You will often find yourself merging two or more data frames together, especially bringing together a spatial object with a non-spatial object. We cannot stress the importance of merging objects in the correct order so that the spatial attributes are preserved.

In this instance, we are just dealing with two ordinary dataset which are non-spatial - i.e., one data set contains information on Fires that occurred in geographic units in London know as Lower Super Output Areas (LSOA), while the other contains its corresponding information for socioeconomic indicators that describe the LSOA. Hence, it is possible to merge the two data frames uniquely using a common key variable like LSOA_code.
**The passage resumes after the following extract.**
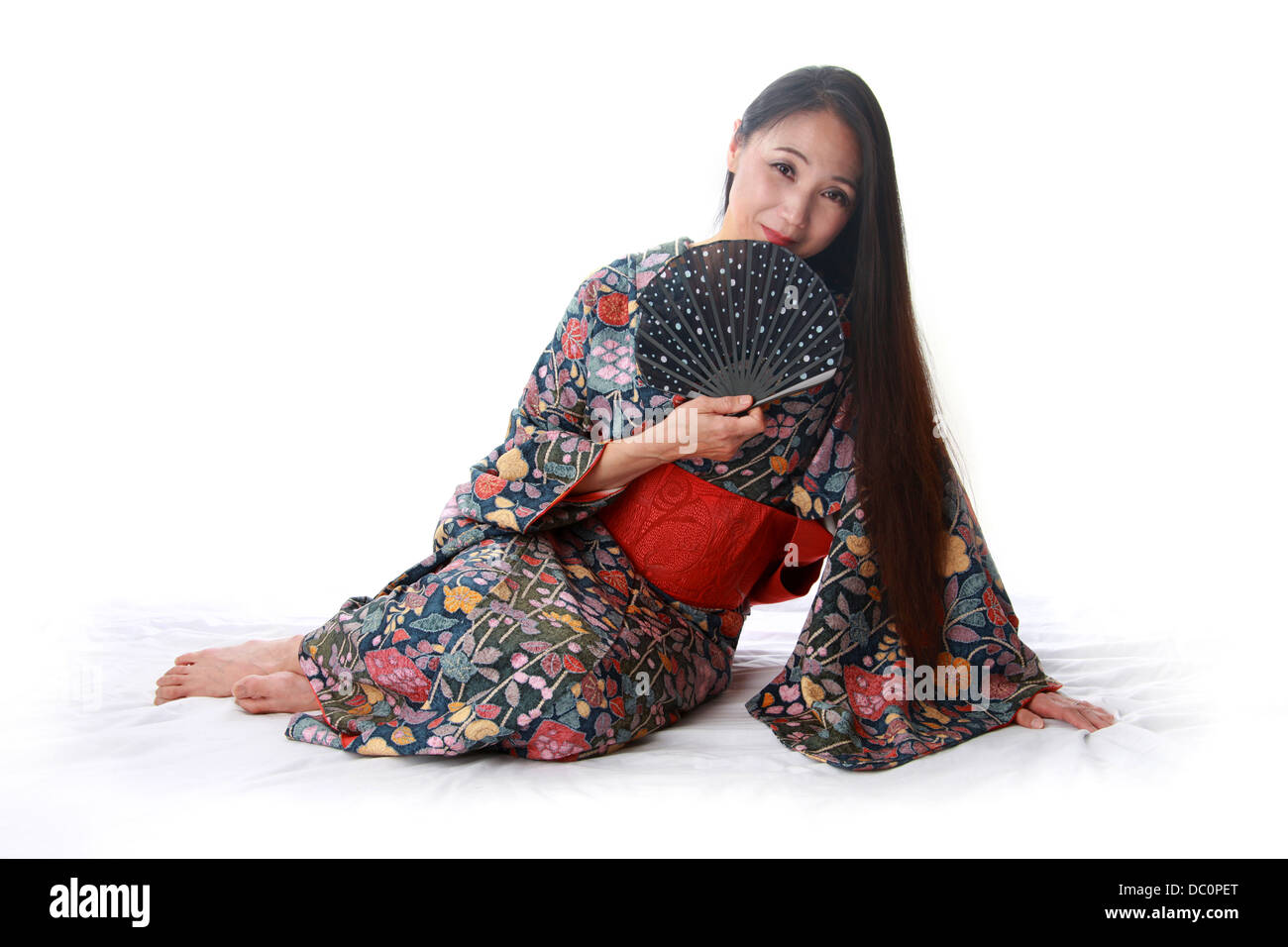Japanese Lady Sitting on the Floor Wearing a Traditional Blue and Red Patterned Kimono and Holding a Fan Stock Photo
This task can be done using the merge function merge(). Consequently, we want the format of the merge code to look something akin to this syntax merge(target_object, selected_object, by=”LSOA”).

Merging data frames is indeed a very important technique to know especially if you need to bring together event information with no spatial dimension with actual spatial data. Alright, let’s merge the deprivation data on the fire records using the LSOA_code column, and generate a bigger data frame that contains both the fire and socioeconomic information:

# Using the merge() function 
Full_data <- merge(Fire_data, Deprivation_data, by.x = “LSOA_code”, by.y = “LSOA_code”, all.x = TRUE)

# View the datasets
View(Full_data)

Important Notes: The arguments used in merge.csv():

Fire_data is the target data frame we want something to be merged on to.
Deprivation_data is the selected data frame we are using to merge with the Fire_data.
by.x = “LSOA_code” option we are specifying the name of the join column from the target data frame i.e., Fire_data.
by.y = “LSOA_code” option we are specifying the name of the join column from the selected data frame i.e., Deprivation_data
all.x=TRUE option we are telling RStudio to retain all rows that are originally from the target data after merging regardless of whether or not they are present in the selected data frame. So even if a row from the selected data does not find a unique link with any of the rows in target data to match too - it will still preserve the target data frame by not discarding unlinked rows. But it will discard the unmatched rows from the selected data frame.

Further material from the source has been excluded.